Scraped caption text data
----------------------------------------

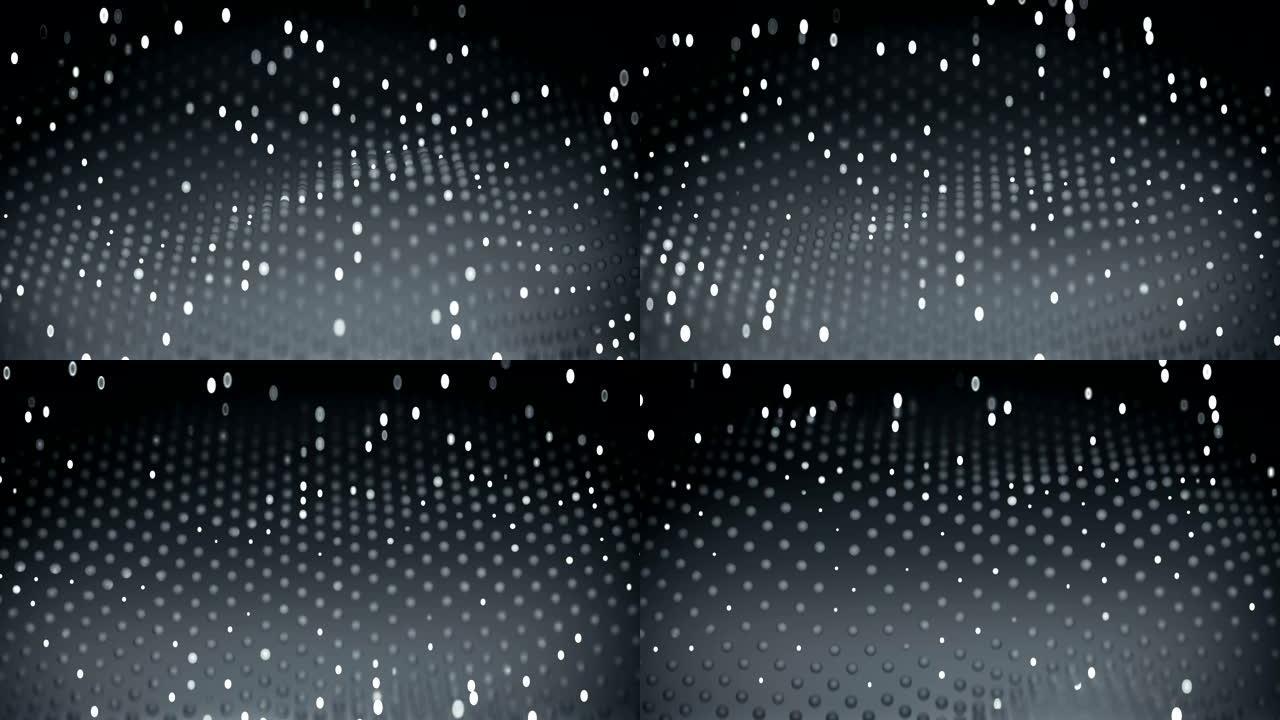粒子的浮动网格无缝循环3D渲染动画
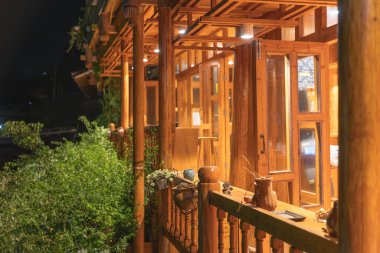 Zhaoxing Dong köyündeki manzara Guizhou Çin.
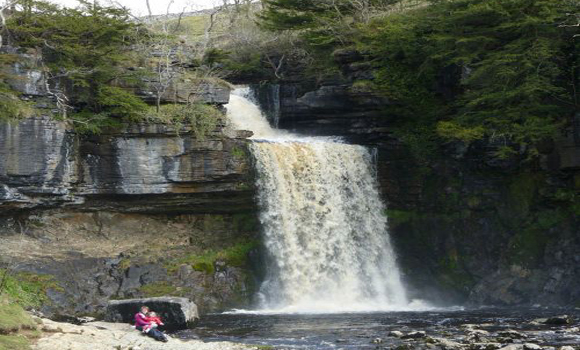 Local waterfall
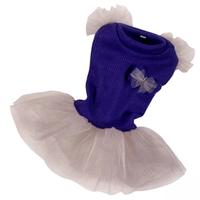 Платье из ангоры для собак мелких пород фиолетовое O-83 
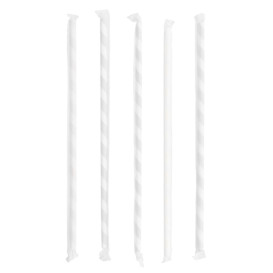 Paper Straw Flexible Pack Wrapped Ø0,6cm 23cm (250 Units)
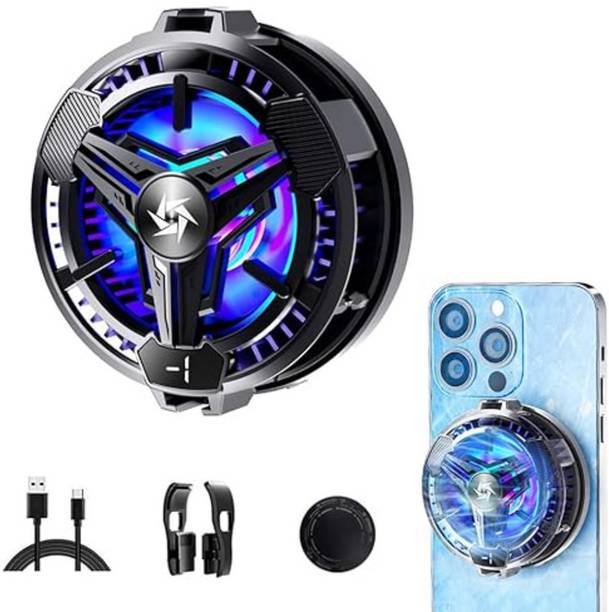 Elevea LED Gaming Mobile Cooler Fan: Perfect Gift for Mobile Gamers! Ergonomic Cooling Pad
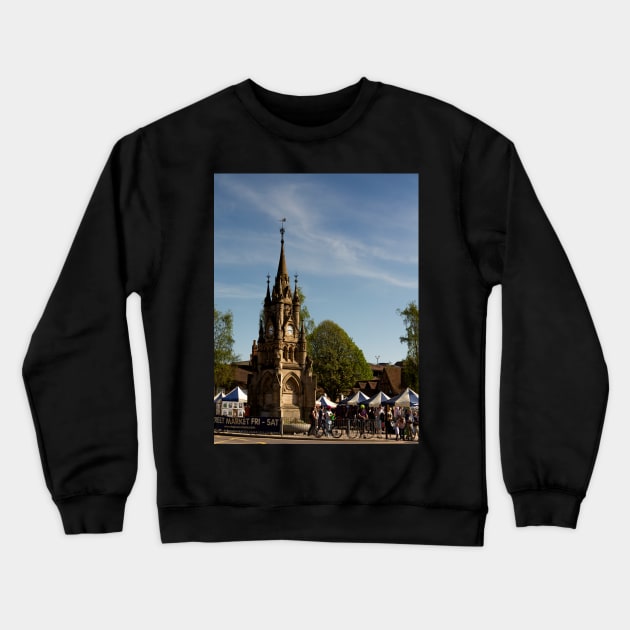 Shakespeare Memorial Fountain and Clock Tower Crewneck Sweatshirt by jasminewang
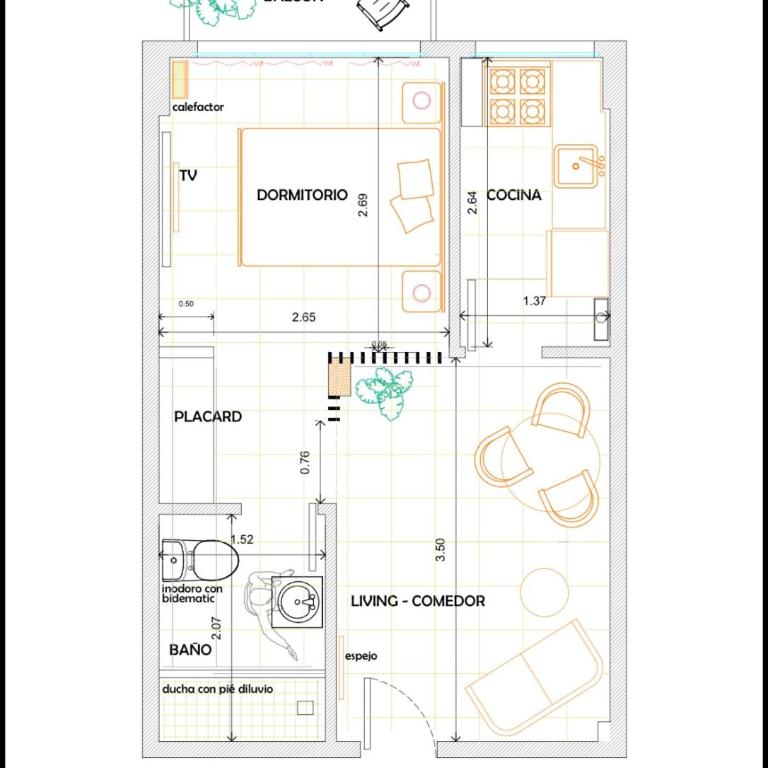 Departamento Centro Mar del Plata - One-Bedroom Apartment - 10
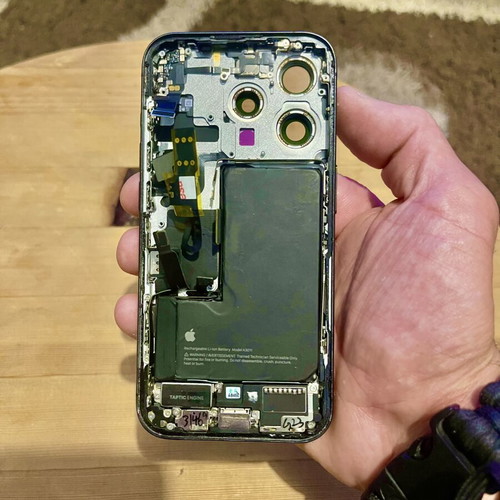 iPhone 15 Pro genuine chassis with extras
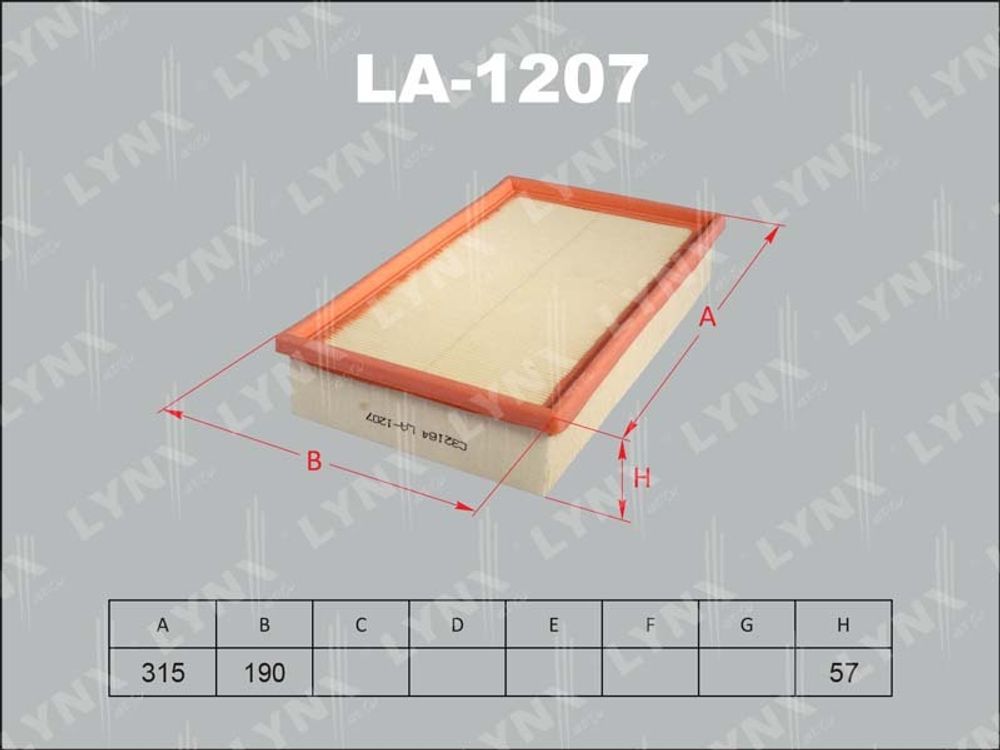Фильтр воздушный   LYNX   LA-1207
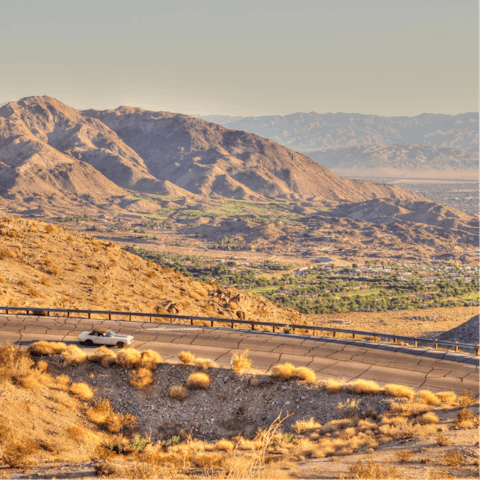 Explore Coachella Valley, just under a thirty-minute drive from your home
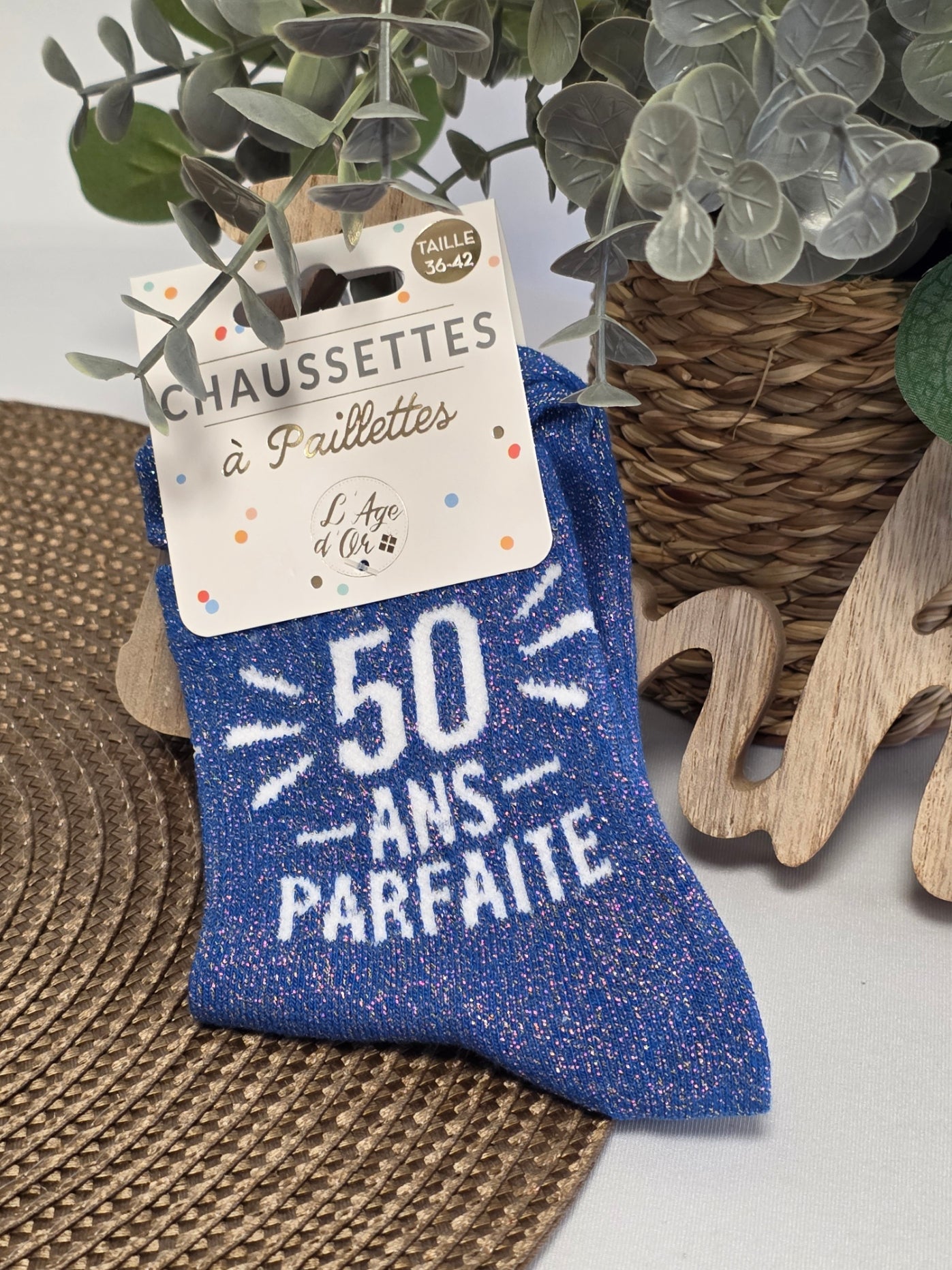 50 ans Parfaite - Chaussette à Paillette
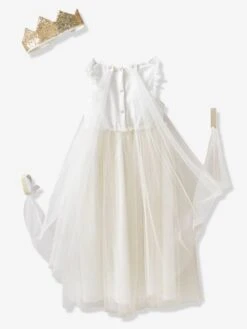 Déguisement De Princesse Avec Voile Et Couronne Rose - Vertbaudet -Magasin De Jouets deguisement de princesse avec voile et couronne 5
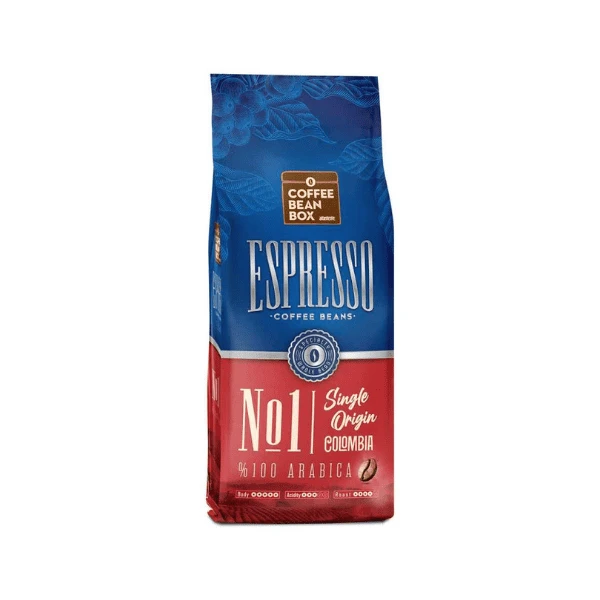 Coffee Bean Box Clombia Single Origin Çekirdek Kahve 1kg
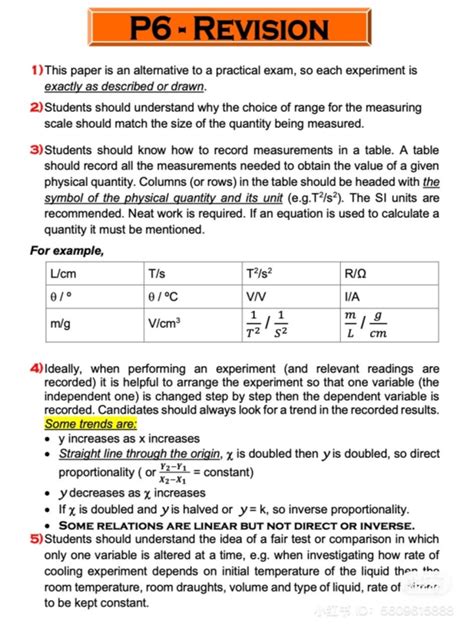 IGCSE PHYSICS PAPER 6 NOTES Ebook Reader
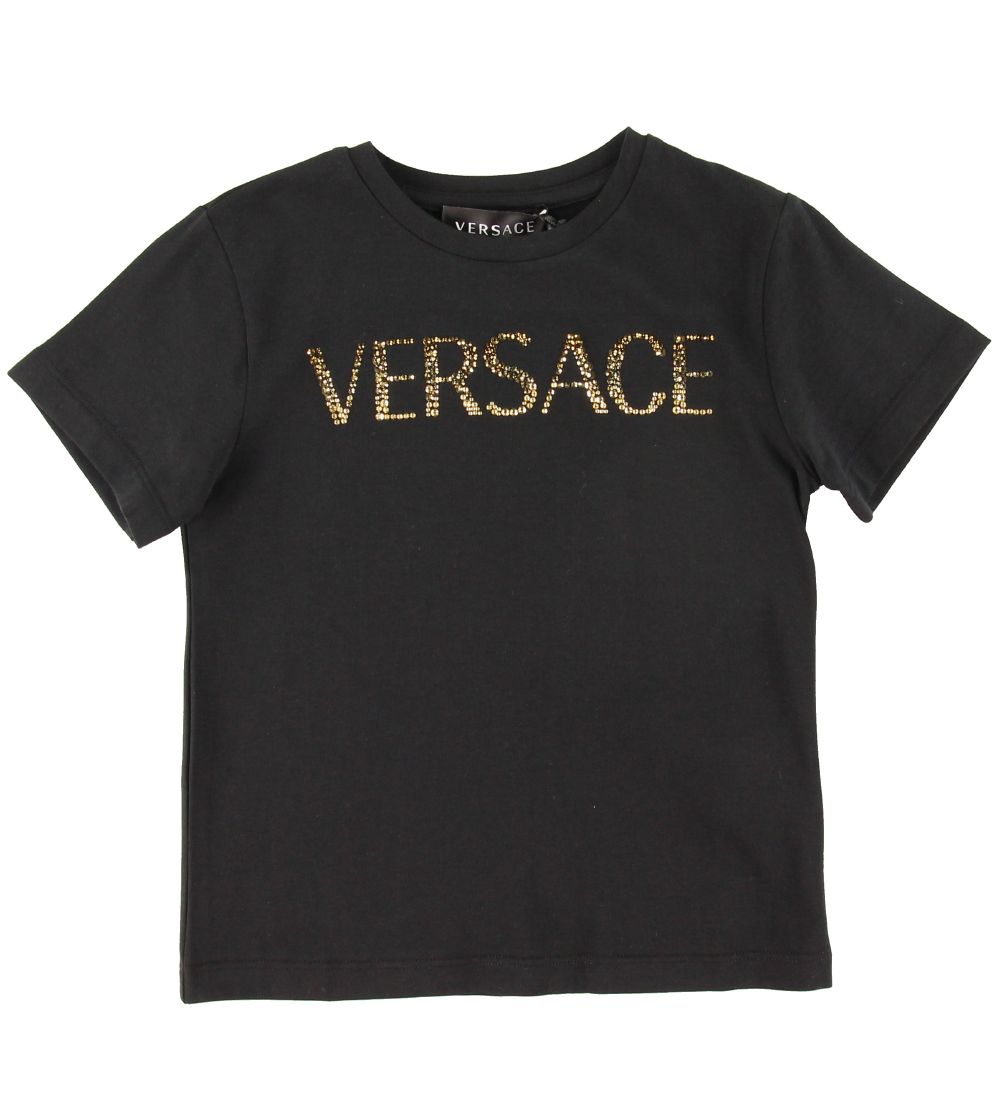 T-Shirt Versace - Noir av. Strass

----------------------------------------

* _Goal of the exercise_: From the line containing "Déguisement De Princesse" down to the end of the data above, reproduce each line exactly; no pictures.

* _Answer space_:
 Déguisement De Princesse Avec Voile Et Couronne Rose - Vertbaudet -Magasin De Jouets deguisement de princesse avec voile et couronne 5
 Coffee Bean Box Clombia Single Origin Çekirdek Kahve 1kg
 IGCSE PHYSICS PAPER 6 NOTES Ebook Reader
 T-Shirt Versace - Noir av. Strass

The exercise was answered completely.